Sturla Holm Laegreid war drei Jahre hintereinander Zweiter in der Weltcupgesamtwertung, bevor er letztes Jahr auf Platz vier rutschte. Vor allem seine Trefferquote fiel von 91 % auf 87 %. Diese vier Zähler sind entscheidend für den Erfolg. Selbst in einer schwachen Saison schaffte Laegreid ein Highlight mit dem Gewinn der Goldmedaille beim IBU WM-Sprint und seinen Siegen im Einzel und Massenstart in Oslo zum Saisonabschluss.
Johannes Dale-Skjevdal und Vetle Sjaastad Christiansen liegen noch etwas zurück. Dale-Skjevdal feierte ein Comeback aus dem IBU Cup mit sechs Treppchenplätzen. Obwohl er bei der Saisoneröffnung nicht gut aussah, wird er wohl bei Großereignissen wie den WM-Rennen für Überraschungen sorgen.

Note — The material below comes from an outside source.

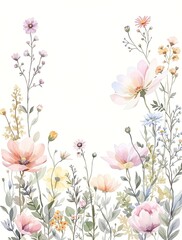 Fototapeta premium Charming watercolor illustration of dainty wildflowers, charming, wildflowers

Christiansen ist läuferisch überragend. Nachdem er für Oberhof nicht in die Weltcupmannschaft berufen wurde, kam er mit einem Paukenschlag zurück, traf 29 von 30 Scheiben und sicherte sich die Plätze eins und zwei in Sprint und Massenstart von Ruhpolding. Diese Saison begann er in Sjusjoen mit einem fehlerfreien Sprintsieg und einem zweiten Platz im Massenstart mit zwei Fehlern. Der 32-Jährige ist vielleicht der am besten vorbereitete Norweger vor Kontiolahti. Christiansen ist läuferisch stabil. Wenn seine Schießleistung passt, kann ihn niemand aufhalten.

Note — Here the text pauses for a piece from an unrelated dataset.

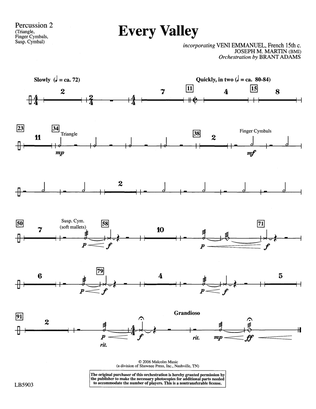 Book cover for Every Valley (from The Winter Rose) (arr. Brant Adams) - Percussion 2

Neben den Norwegern tauchten noch andere Gesichter in unserer Kristallkugel auf, darunter Emilien Jacquelin, der mit 550 Punkten hinter JT und 105 Punkten hinter Christiansen Rang sechs in der Gesamtwertung belegte. Doch der französische Starathlet hegt große Hoffnungen nach sieben Top-Ten-Ergebnissen und drei Podiumsplätzen in der vergangenen Saison. Er gewann auch den Sprint bei den französischen Sommermeisterschaften im Oktober. Jacquelin war außerdem mit Platz sechs und zehn in Sjusjoen zufrieden. „Meine Form ist da. Da ist ein gutes Zeichen für die Zukunft.“ Wenn Jacquelin in Kontiolahti seine Leistung aus Sjusjoen wiederholt, könnte er die norwegische Dominanz brechen.

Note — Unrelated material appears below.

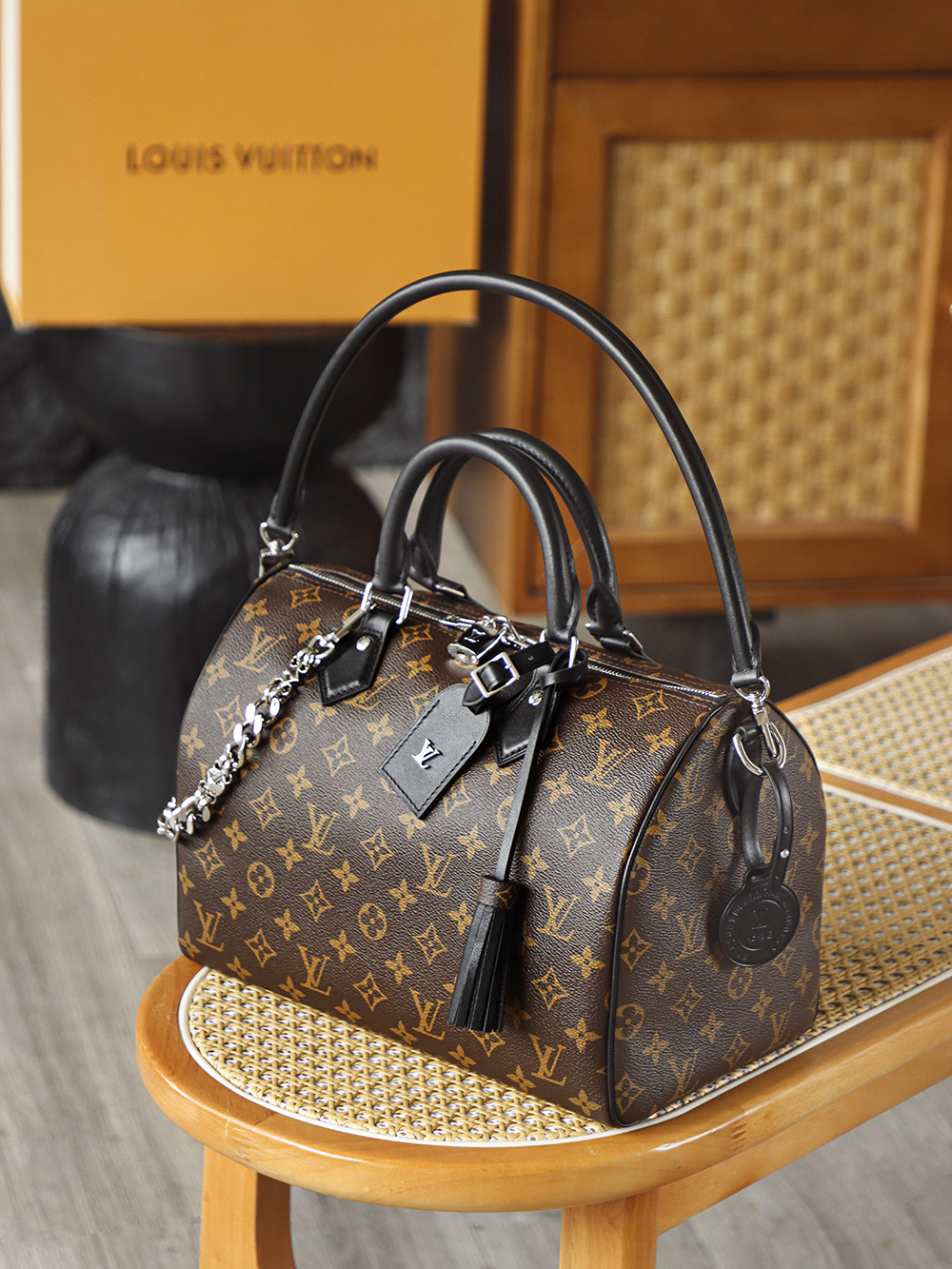 LOUIS VUITTON LV Speedy 30  全钢五金 经典老花 印花 拉链 涂层帆布 手提 斜挎单肩包 棕色A0 M12243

Der Weltcupgesamtsieger von 2022, Quentin Fillon Maillet, konnte in den Titelkämpfen der letzten zwei Saisons keine Lorbeeren erringen. Doch er fühlt sich gut vorbereitet. Nach zwei Siegen bei den französischen Sommerwettkämpfen im Oktober gab er „einige Fehler“ in seiner Vorbereitung in den vergangenen zwei Saisons zu. Doch er ist selbstbewusst. Der französische Star war „mit einigen Dingen sehr zufrieden“ nach Platz neun im Massenstart von Sjusjoen. Fillon Maillet hatte in einem Interview mit dem Nordic Magazine gesagt, dass er in Lenzerheide eine Einzelgoldmedaille holen will. Außerdem meinte er, ein „Platz in der allgemeinen Wertung (Weltcupgesamtwertung) wird ein echter Kampf“. Sollte Fillon Maillet eine Trefferquote von 89 % wie 2022 gelingen, sind seine Ziele keine Tagträume.
Neben dem französischen Duo tauchte auch Sebastian Samuelssons Gesicht in der Kristallkugel auf. Sein jährliches Ziel ist es, JT Boe herauszufordern und seinen norwegischen Konkurrenten „aus der Komfortzone“ herauszuholen. Samuelsson zeigte einen brillanten Sprint in Idre und setzte sich mit einem Fehler 56 Sekunden vor den Rest des Feldes. Mit einer derartigen Leistung und Laufstärke wird Samuelsson JT erfolgreich ärgern können.
Neben den Genannten gibt es aber noch weitere vielversprechende Kandidaten: Die jungen Athleten Tommy Giacomel und Eric Perrot zeigten eindrucksvolle Leistungen in Sjusjoen mit Top-Ten-Platzierungen. Philipp Nawrath aus Deutschland schlüpfte in der letzten Saison ganz kurz ins Gelbe Trikot – und ist dieses Jahr hungrig nach mehr. Viele Herren haben Talent und Potenzial. Doch am deutlichsten wehte in unserer Kristallkugel nach wie vor die norwegische Flagge.